I wrote this because I have an embarrassing weakness for high school and supernatural AUs, no matter how horrible they are. In other words, this is me throwing my own fic into the mass of AU Naruto fics out there, haha.

I bundled the prologue and first chapter together to give readers a bit more to bite into. Let me know what you think, and please don't be afraid to gift me with crit. Feel free to ask questions if you're confused, and I'll try to answer as best I can (and hit myself for not making it clear in-text, hah). Lastly, I'm not promising regular (or frequent) updates, but I'll do the best I can.

Enjoy!


Under the Red Moon
by Nilladriel

Prologue

It was nighttime. The moon's shine was obscured by heavy clouds, and the gardens were blanketed by darkness wet and thick enough to swim through.

There was a lake, in which floated a body. It was dead. No one could live with their neck bent at that angle. The corpse wore a dress, which billowed like a parachute. It was bright yellow and obscenely cheerful.

Just meters away, walking near the lake's muddy shores, was the murderer. He had eyes like dark pools and confidence showed in the straight line of his shoulders, but he moved erratically. Sometimes he moved his arms like he thought they were legs. And once he raised his head and sniffed, but then he frowned, a disgusted tsch spitting through his teeth.

Directly above him was a boy. He was sitting very, very still. The branches of the tree he was cradled in were full of wispy leaves. The slightest movement sent too-loud whispers dancing across the branches, which was why the boy endeavored to be as void of movement as a statue.

Minutes passed, but very slowly. The murderer began to move, from the lake to the nearby wall and then, after a leap that should have been impossible, beyond the boy's sight. But the boy didn't move for a very, very long time. He was trying not to piss his pants.

The sky began to brighten. The mist was chased away.

The boy dropped from the tree to the ground, staggering as he landed. His feet seemed to burst as feeling rushed back to his toes, to his calves, and then finally to his thighs. His fingers tingled. He straightened, taking a breath that felt like freedom.

He looked at the lake. The corpse was still floating there. It was still dead. And the dress was no longer yellow, permeated by the water.

The boy looked at the wall, over which the murderer had jumped.
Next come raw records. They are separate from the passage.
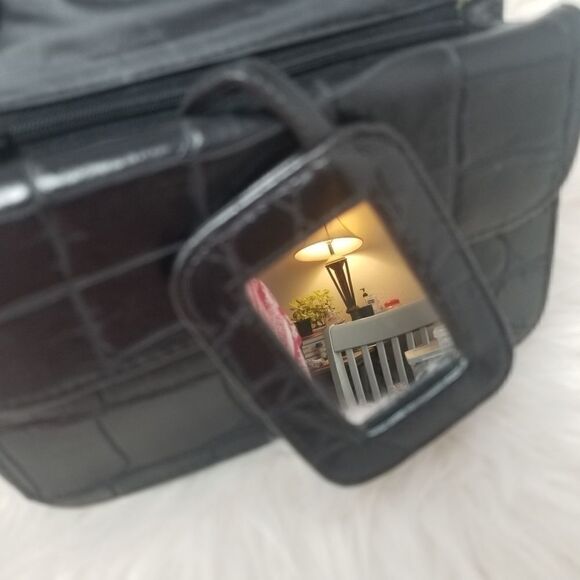 Cute Crossbody Bag w/Unique Closure Faux Leather - Picture 6 of 11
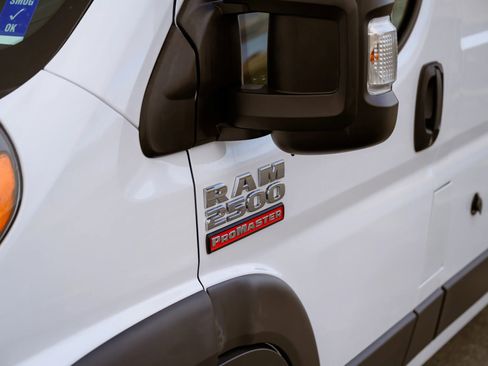 Used 2018 RAM ProMaster 2500 image 23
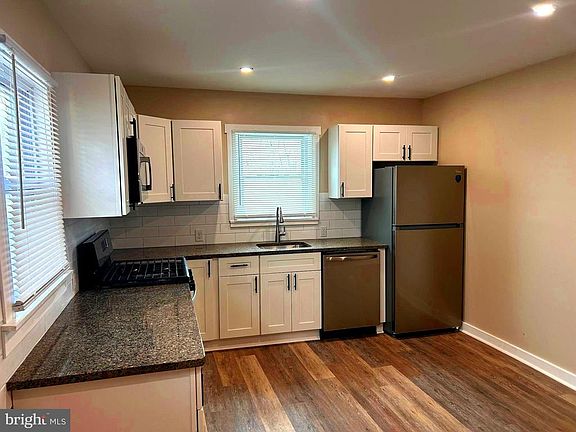 5th image of 1063 Tanyard Rd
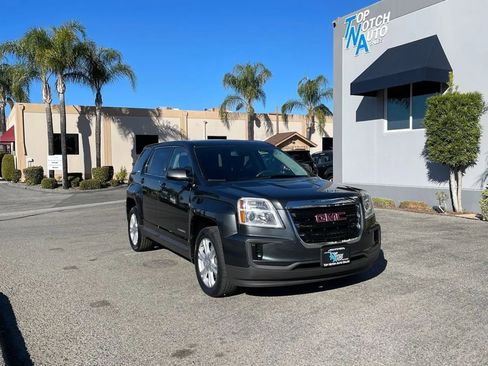 Used 2017 GMC Terrain SLE image 3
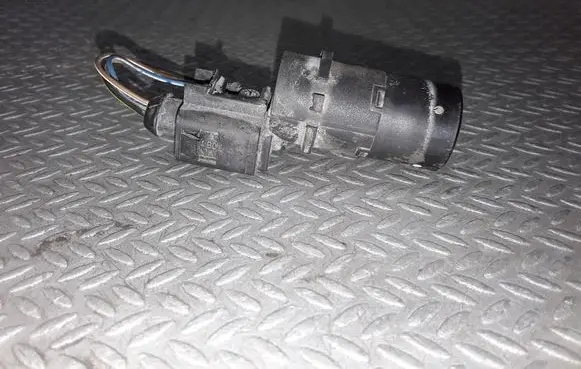 Audi A6 S6 C5 4B Parking PDC sensor 4B0919275C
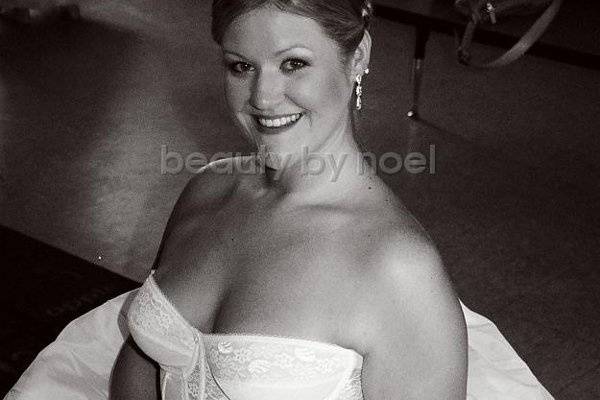 Beauty by Noel - Makeup artist & hair stylist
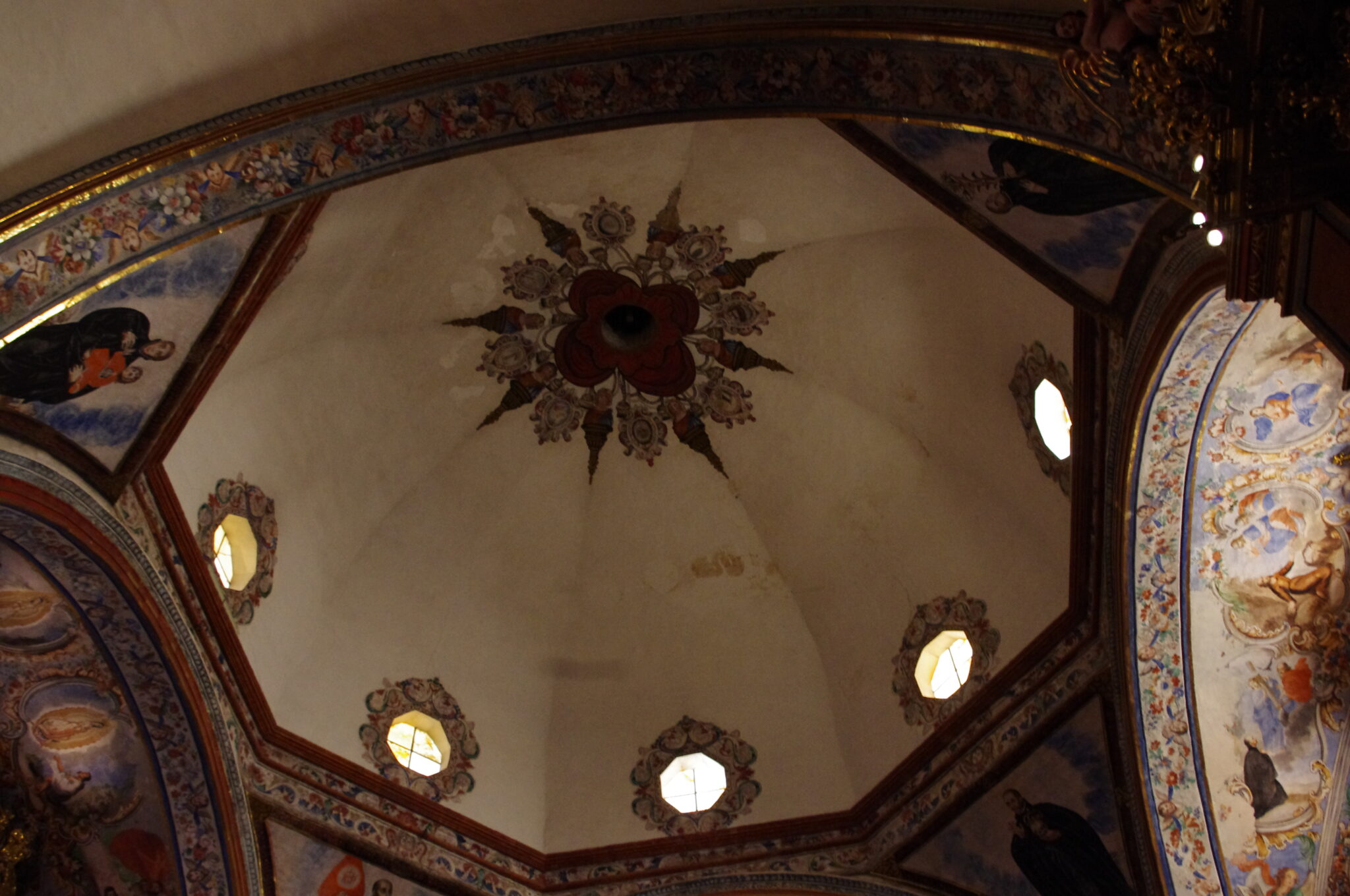 Le plafond orné de l'église Saint-François-Xavier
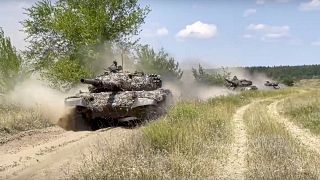 Tanques da milícia da República Popular de Luhansk, na Ucrânia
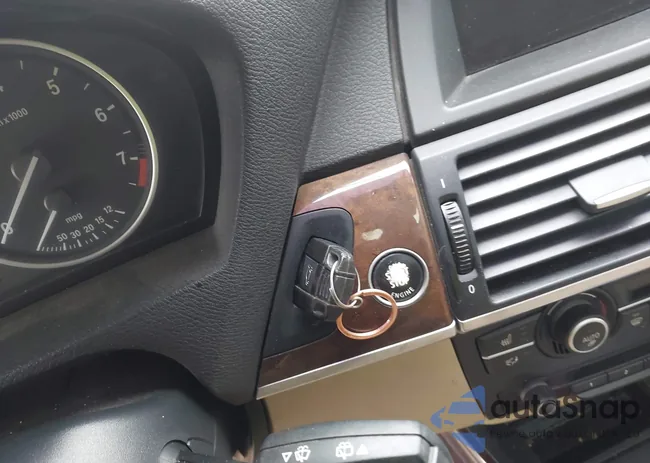 5UXFE43579L268869: 44360252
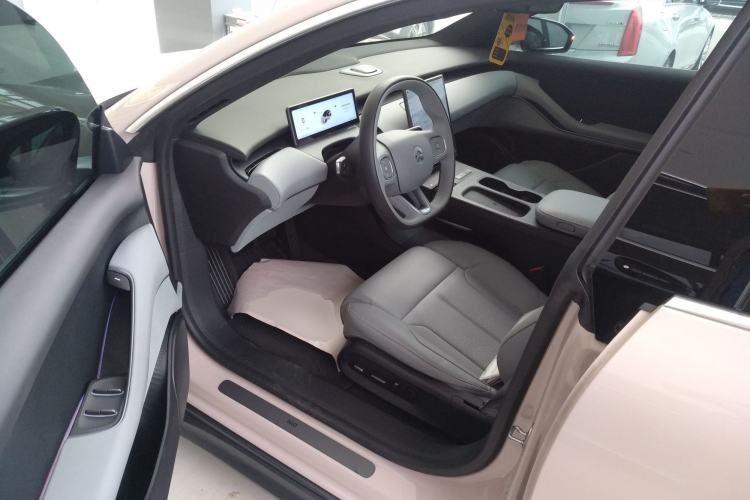 Used Nio ET5 2024 75 kWh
It was nearly fifteen feet tall, and topped by barbed wire. No one could escape barbed wire, as far as he knew. It dug its teeth into you and bit harder the more you tried to struggle free, until you killed yourself trying. But the murderer had jumped clean over the wire, too. No one could do that. No one human could do that. So he just wouldn't mention it. But he could tell people about the dead body at least.

The boy reached into his pocket and pulled out his cell phone. He was in luck: there was a single bar of battery left. He began to dial, and then a warm hand with digits like fire closed around his phone and firmly shut it.

The boy looked up, into black eyes and an unsmiling face.

He came back, he thought. He came back.

That's not fair.


Chapter One

Naruto sat in the office and stared at his shoes.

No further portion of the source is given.